Russian 13, Spring 2008

Slavic Folklore: Vampires, Witches, and Firebirds 

MWF 10:00 a.m. – 11:05 a.m.

In this course, we will discuss a variety of genres from Russian folklore. As we move from the familiar genre of the riddle to the often mystifying beliefs and rituals of the ancient Slavs and then to the fairy tale, comfortingly familiar from childhood, we will learn to not only recognize the richness and density of texts that may initially seem uncomplicated but also to discern the patterns and meanings behind the apparently exotic narratives and behaviors. Through this process, we will gain knowledge of the theoretical highlights of folkloristics, an academic discipline that strives to understand the remarkable similarity of stories told by people around the world yet, at the same time, to account for the no less fascinating ethnic, cultural, and historical particulars of the tales, songs, jokes, and customs of different people. By thoroughly studying one of the world’s richest oral traditions, Slavic folk life and folk lore, we will acquire the tools and techniques necessary for collecting, documenting, and interpreting folklore — which is perhaps the most truly international of all arts.

Required Books

Note these will be at Wheelock Books and on reserve at Baker-Berry:

  • Alexander Afanas’ev, Russian Fairy Tales
  • Vladimir Propp, Morphology of the Folktale
  • Russian 13 Course Reader (at Wheelock Books only)

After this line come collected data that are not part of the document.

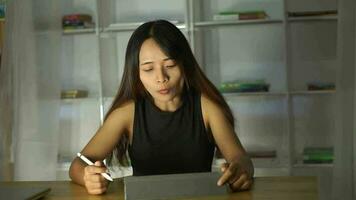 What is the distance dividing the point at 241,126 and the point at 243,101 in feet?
0.49

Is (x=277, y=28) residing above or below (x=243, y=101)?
above

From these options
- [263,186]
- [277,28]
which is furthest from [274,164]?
[263,186]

Course Grading and Requirements

Class participation
10%
Writing project # 1 (fairy tale essay, due November 5) 10%
Writing project # 2 (folklore collection, due December 3) 15%
Midterm exam 25%
Final exam 40%

During the semester you will be responsible for a variety of projects, both in-class and outside, which will count towards your class participation grade. Make sure to complete the assigned readings before the lecture class. Please also bring 5x8 index cards to each lecture class. Assignments for discussion sections are posted on Blackboard. They will include additional readings, video clips, discussion questions, and projects. These assignments need to be completed before your discussion section on Friday. It is crucial for the success of this course that you come to each discussion section fully prepared with your notes, questions, and responses so that we can share our insights and bewilderments efficiently and eloquently.

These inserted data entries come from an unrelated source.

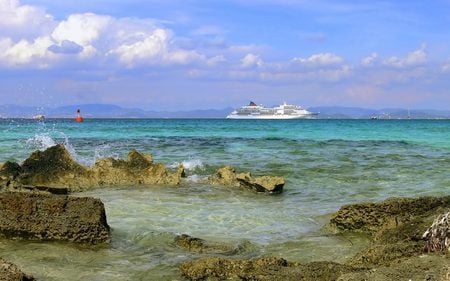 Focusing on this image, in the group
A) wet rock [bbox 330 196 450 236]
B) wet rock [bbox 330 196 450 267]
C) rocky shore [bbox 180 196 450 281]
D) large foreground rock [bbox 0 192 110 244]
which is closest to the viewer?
rocky shore [bbox 180 196 450 281]

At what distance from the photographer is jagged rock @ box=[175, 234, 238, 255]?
263 inches

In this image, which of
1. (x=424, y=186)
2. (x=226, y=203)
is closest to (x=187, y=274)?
(x=226, y=203)

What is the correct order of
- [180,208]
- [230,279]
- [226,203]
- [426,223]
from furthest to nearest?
1. [226,203]
2. [180,208]
3. [426,223]
4. [230,279]

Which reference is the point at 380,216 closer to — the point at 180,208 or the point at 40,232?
the point at 180,208

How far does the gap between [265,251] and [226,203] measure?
12.3 ft

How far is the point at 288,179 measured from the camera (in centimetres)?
1462

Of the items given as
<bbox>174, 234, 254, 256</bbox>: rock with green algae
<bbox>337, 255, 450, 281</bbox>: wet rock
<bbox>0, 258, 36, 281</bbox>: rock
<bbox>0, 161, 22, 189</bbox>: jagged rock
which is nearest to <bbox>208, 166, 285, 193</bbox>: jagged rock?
<bbox>0, 161, 22, 189</bbox>: jagged rock

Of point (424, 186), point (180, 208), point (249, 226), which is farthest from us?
point (424, 186)

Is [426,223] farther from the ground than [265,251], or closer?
farther from the ground

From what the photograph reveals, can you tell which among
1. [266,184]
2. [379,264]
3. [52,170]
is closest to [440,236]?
[379,264]

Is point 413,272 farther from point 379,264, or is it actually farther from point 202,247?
point 202,247

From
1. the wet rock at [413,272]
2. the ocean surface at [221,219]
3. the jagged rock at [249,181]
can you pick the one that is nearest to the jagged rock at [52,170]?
the ocean surface at [221,219]

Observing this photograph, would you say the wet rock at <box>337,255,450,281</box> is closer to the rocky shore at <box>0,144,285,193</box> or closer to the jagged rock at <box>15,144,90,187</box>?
the rocky shore at <box>0,144,285,193</box>

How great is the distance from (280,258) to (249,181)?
6.92 meters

Requests for Accommodation

Students with learning, physical, or psychiatric disabilities who will be taking this course and may need disability-related classroom accommodations are encouraged to make an appointment to see the instructor before the end of the second week of class — i.e., Friday, April 4, 2008.

Some students may wish to take part in religious observances that occur during this academic term. If you have a religious observance that conflicts with your participation in the course, please meet with me before the end of the second week of the term (i.e., Friday, April 4, 2008) to discuss appropriate accommodations.

Schedule

Readings marked with an asterick (*) are recommended, but not required:

  • Wednesday, March 26
    Introduction and Overview: Folklore Matters!

  • Friday, March 28
    The Features of Folklore. Who are the Slavs?
    Read
    : Dundes, “Who are the Folk?” and "Alan Dundes' List of Folklore Genres" (Online Readings)

  • Monday, March 31
    The Riddle and the Proverb
    Read: Abrahams and Dundes, “Riddles”
    Anikin, “On the Origin of Riddles”

  • Wednesday, April 2
    Magic Acts and Magic Words: Divinations, Spells, and Curses
    Read: Frazer, “The Principles of Sympathetic Magic”
    Malinowski, “The Rite and the Spell”
    Murgoci, “The Evil Eye in Romania”
    Texts of Russian charms and curses (Online Readings)

  • Friday, April 4
    Discussion: Riddle Night
    Assignments on Blackboard (Discussion Sections)

  • Monday, April 7
    The Living, the Dead, and the Undead: The Eastern European Vampire
    Read: Gennep, from The Rites of Passage (“Funeral Rites”)
    Oinas, “East European Vampires”
    Fine, “In Defense of Vampires”
    Folk narratives about vampires (Online Readings on Blackboard)
    View: F.W. Murnau, "Nosferatu" (eReserve)

  • Wednesday, April 9
    The Living, the Dead, and the Undead: Rusalki
    Read: Ivanits, from Russian Folk Belief (“Nature Spirits”)
    View: “Mermaid” by A. Petrov

  • Friday, April 11
    Discussion: Collection Project
    Read: Dundes, “Texture, Text and Context”;
    Proverbs and the Ethnography of Speaking Folklore”; “The Crowing Hen and the Easter Bunny”
    Wilson, "Collecting Folklore" (Chapter 10 in Oring, Folk Groups and Folklore Genres)
    Assignments on Blackboard (Discussion Sections)

  • Monday, April 14
    Introduction to Folk Narrative
    Read: Olrik, “Epic Laws”
    Bascom, “The Forms of Folklore: Prose Narrative
    Afanas’ev, Russian Fairy Tales, pp. 49-53, 262-268, 580-588, 612-624

  • Wednesday, April 16
    Fairy Tale: Patterns and Formulas
    Read: Propp, Morphology of the Folktale, pp. 19-50
    Afanas’ev, pp. 375-386, 349-350, 406-410, 494-497

  • Friday, April 18
    Discussion: Morphology of the Fairy Tale
    Read: Propp, Morphology, pp. 50-65, 71-78, 92-99 (ch. IX, A and B)
    Afanas’ev, pp. 363-365, 393-398, 463-475, 229-234
    Assignments on Blackboard (Discussion Sections)

  • Monday, April 21
    Fairy Tale: Donors and Villains
    Read: Propp, Morphology, pp. 79-91
    *Johns, “Baba Iaga and the Russian Mother
    Afanas’ev, pp. 31-37, 439-447, 363-365, 485-494, 553-562

  • Wednesday, April 23
    Discussion: Review for Midterm.

    Prepare questions or requests to review specific material in advance of this class. Write out two short-answer questions based on the material for the test and bring them to class. Please be prepared to support the correct answer with a citation, etc. These questions will be collected and used for the in-class review. Excellent questions will earn participation credit!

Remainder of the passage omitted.